The US Justice Department gave its OK to a plan to oust the locally elected school board in El Paso, Texas due to uncovered instances of cheating in the district pubic school. The running of the El Paso Independent School District will be taken over by state-appointed managers, Yahoo News reports.
The plan to replace elected officials with those appointed by the governor, who would then serve for up to 2 years, needed preclearance from the Justice Department’s Civil Rights Division because of the voting rights law. The Texas Education Agency got its go-ahead from the feds this Monday and the new board members will meet for the first time next Tuesday.
The interim superintendent, Vernon Butler, said at a news conference Tuesday that he will work with the new board to meet its goals. However, he also noted that the ousted board had made policy changes and accepted the resignation or fired employees involved in the scandal to “ensure the illegal actions of the former superintendent never occur in the district again.”
The decision to remove the El Paso school board — one of the most severe sanctions a district can receive — came after former Superintendent Lorenzo Garcia pleaded guilty in June to devising a scheme to keep hundreds of low-performing sophomores from taking the Texas Assessment of Knowledge and Skills test. Some students were held back in the ninth grade, while others were told to drop out before the 10th grade accountability tests. Before the removal of the board, the district had already been put on probation by the state.
The move allowed the district to look like they were performing better than expectated, something that resulted in more than $56,000 of additional performance bonuses for Garcia. In October he was sentenced to more than three years in prison for the crime.

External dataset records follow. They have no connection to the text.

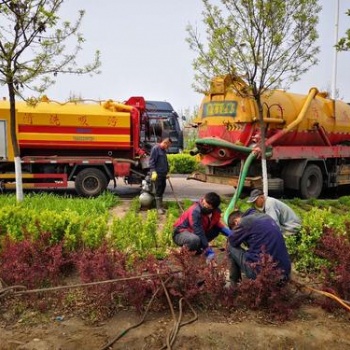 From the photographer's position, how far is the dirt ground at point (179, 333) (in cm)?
394

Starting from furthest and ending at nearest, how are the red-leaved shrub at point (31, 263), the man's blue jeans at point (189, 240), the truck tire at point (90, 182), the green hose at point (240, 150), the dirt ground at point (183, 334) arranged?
the truck tire at point (90, 182)
the green hose at point (240, 150)
the man's blue jeans at point (189, 240)
the red-leaved shrub at point (31, 263)
the dirt ground at point (183, 334)

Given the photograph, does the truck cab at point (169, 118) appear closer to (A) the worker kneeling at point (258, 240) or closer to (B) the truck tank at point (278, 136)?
(B) the truck tank at point (278, 136)

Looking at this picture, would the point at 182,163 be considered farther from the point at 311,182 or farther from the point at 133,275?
the point at 133,275

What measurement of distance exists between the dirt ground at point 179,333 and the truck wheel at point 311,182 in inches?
291

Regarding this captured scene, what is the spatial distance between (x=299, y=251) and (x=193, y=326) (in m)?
1.97

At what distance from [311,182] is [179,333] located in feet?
29.0

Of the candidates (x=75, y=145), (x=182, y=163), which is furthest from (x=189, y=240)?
(x=182, y=163)

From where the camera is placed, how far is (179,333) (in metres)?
4.05

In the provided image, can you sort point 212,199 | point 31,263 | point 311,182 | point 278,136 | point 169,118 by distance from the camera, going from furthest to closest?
1. point 169,118
2. point 311,182
3. point 278,136
4. point 212,199
5. point 31,263

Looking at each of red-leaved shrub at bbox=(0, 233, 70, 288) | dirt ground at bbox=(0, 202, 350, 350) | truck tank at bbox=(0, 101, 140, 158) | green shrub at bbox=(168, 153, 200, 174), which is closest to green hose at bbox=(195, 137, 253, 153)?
truck tank at bbox=(0, 101, 140, 158)

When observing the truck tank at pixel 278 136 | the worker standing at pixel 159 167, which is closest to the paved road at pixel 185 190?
the truck tank at pixel 278 136

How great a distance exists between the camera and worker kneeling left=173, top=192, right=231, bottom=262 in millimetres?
5234

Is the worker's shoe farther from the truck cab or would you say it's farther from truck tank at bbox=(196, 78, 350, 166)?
the truck cab

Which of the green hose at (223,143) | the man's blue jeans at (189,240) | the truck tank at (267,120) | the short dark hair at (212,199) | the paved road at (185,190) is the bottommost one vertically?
the paved road at (185,190) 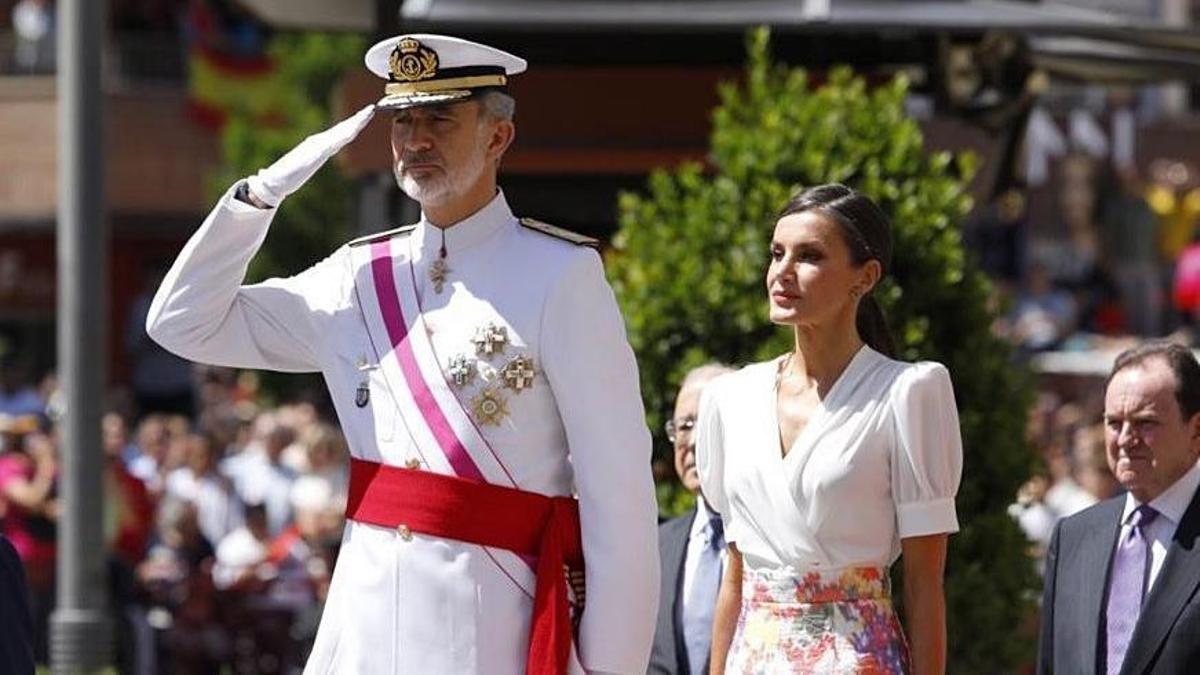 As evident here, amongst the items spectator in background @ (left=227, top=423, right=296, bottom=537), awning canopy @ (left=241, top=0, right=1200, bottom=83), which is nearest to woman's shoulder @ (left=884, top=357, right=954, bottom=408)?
awning canopy @ (left=241, top=0, right=1200, bottom=83)

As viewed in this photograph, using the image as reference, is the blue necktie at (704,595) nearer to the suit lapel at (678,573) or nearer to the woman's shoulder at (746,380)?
the suit lapel at (678,573)

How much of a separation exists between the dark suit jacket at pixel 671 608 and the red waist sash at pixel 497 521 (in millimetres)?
1336

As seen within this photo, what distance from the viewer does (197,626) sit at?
1359cm

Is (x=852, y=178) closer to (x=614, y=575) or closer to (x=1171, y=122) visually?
(x=614, y=575)

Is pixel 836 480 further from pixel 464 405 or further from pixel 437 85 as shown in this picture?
pixel 437 85

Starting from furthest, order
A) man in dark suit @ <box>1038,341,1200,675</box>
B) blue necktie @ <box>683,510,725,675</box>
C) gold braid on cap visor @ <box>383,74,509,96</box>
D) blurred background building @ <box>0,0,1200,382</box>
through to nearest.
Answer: blurred background building @ <box>0,0,1200,382</box> → blue necktie @ <box>683,510,725,675</box> → man in dark suit @ <box>1038,341,1200,675</box> → gold braid on cap visor @ <box>383,74,509,96</box>

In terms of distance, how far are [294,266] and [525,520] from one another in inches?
870

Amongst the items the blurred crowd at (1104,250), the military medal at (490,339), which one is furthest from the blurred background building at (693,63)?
the blurred crowd at (1104,250)

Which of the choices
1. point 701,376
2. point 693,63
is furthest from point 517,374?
point 693,63

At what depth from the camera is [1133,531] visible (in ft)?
20.6

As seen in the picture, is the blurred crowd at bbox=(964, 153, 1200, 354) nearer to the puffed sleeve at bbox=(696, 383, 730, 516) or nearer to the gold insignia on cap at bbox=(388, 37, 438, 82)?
the puffed sleeve at bbox=(696, 383, 730, 516)

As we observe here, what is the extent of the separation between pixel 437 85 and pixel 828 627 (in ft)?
4.35

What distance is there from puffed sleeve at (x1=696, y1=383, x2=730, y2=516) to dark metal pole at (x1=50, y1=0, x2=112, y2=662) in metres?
5.36

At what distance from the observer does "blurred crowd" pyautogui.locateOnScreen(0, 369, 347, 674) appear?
13.5 m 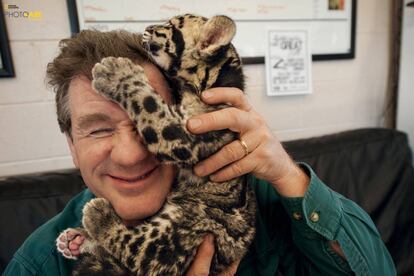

Members of the ousted board are not going quietly. The president Isela Castanon-Williams, said that the board is looking at its legal options to overturn the decision by the TEA to replace the trustees with appointees. She added that the DOJ’s approval of the switch sets a very bad precedent and could ricochet in the future on school districts all around Texas and the country.
Three of the school board’s seven seats are up for election on May 11; a fourth seat has a candidate who is uncontested. The other three ousted members are about halfway through their four-year terms.
TEA said elections will continue to be held to ensure an elected school board is in place to resume management of the district once the temporary managers leave. TEA has not said how long the temporary managers will serve, though they can run the district for up to two years.